Raven, a Spirit Man who doubts the existence of spirits, has never been sure of his worth in the role, but at his advanced age, he’s acquired enough wisdom to put on a good show. His small tribe is part of The People, who are migrating across the far north of Alaska, following the vast herds of animals that provide for most of their needs. When Tall Pine, one of the tribe’s leaders, is found garroted, Raven realizes the killer must be one of their own band. That night, he dreams his skull is in a strange hut, being held in the hands of a strange man; Raven can understand him when he speaks. When another member of the tribe is killed and a third wounded on a hunting trip, the Earth Mother who shares a body with Raven’s wife, Willow, who he thought had drowned many years earlier, tells Raven that he must solve the murders.
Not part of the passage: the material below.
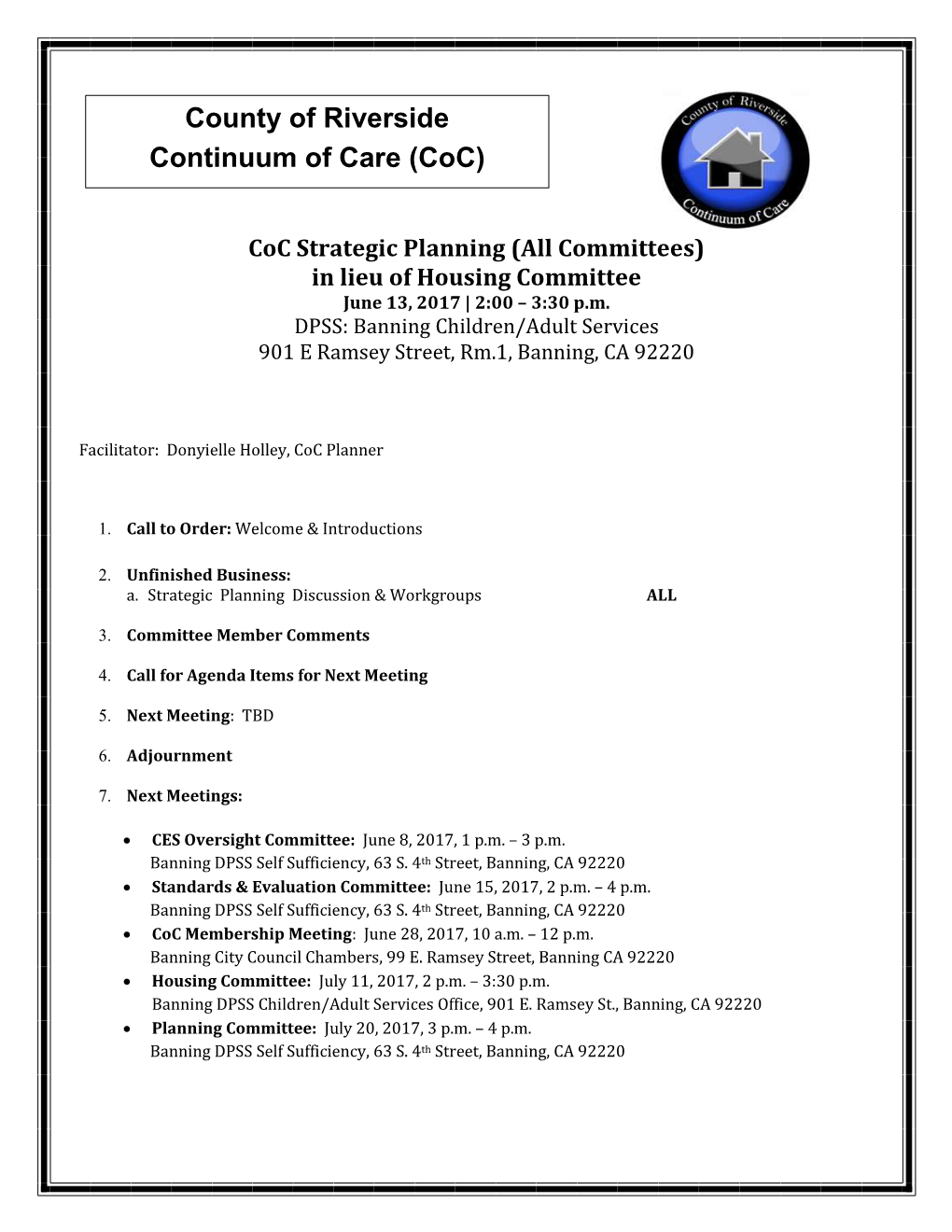 County of Riverside Continuum of Care (Coc)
After Raven runs away with Down, the clever daughter of Stone, the tribal head who dislikes Raven but fears his power, the Mother convinces the members of the tribe, who have been hunting the pair, that they will not be healed unless Raven solves the crimes. Meanwhile, Raven continues to have painfully prophetic dreams revealing the horrors that will be wrought on his land by oil exploration in the centuries to come. It’s hard for a nonbeliever like Raven to be both a detective and a Spirit Man, reconciling the past and trying to change the future to please a goddess he isn’t sure exists.
Hayes, best known for his Mad Dog & Englishman series (English Lessons, 2011, etc.), draws on his expertise in archaeology and anthropology in this stand-alone. The mystery is slight, but the portrait of tribal life and the lyrical descriptions of an untouched land are worth the read.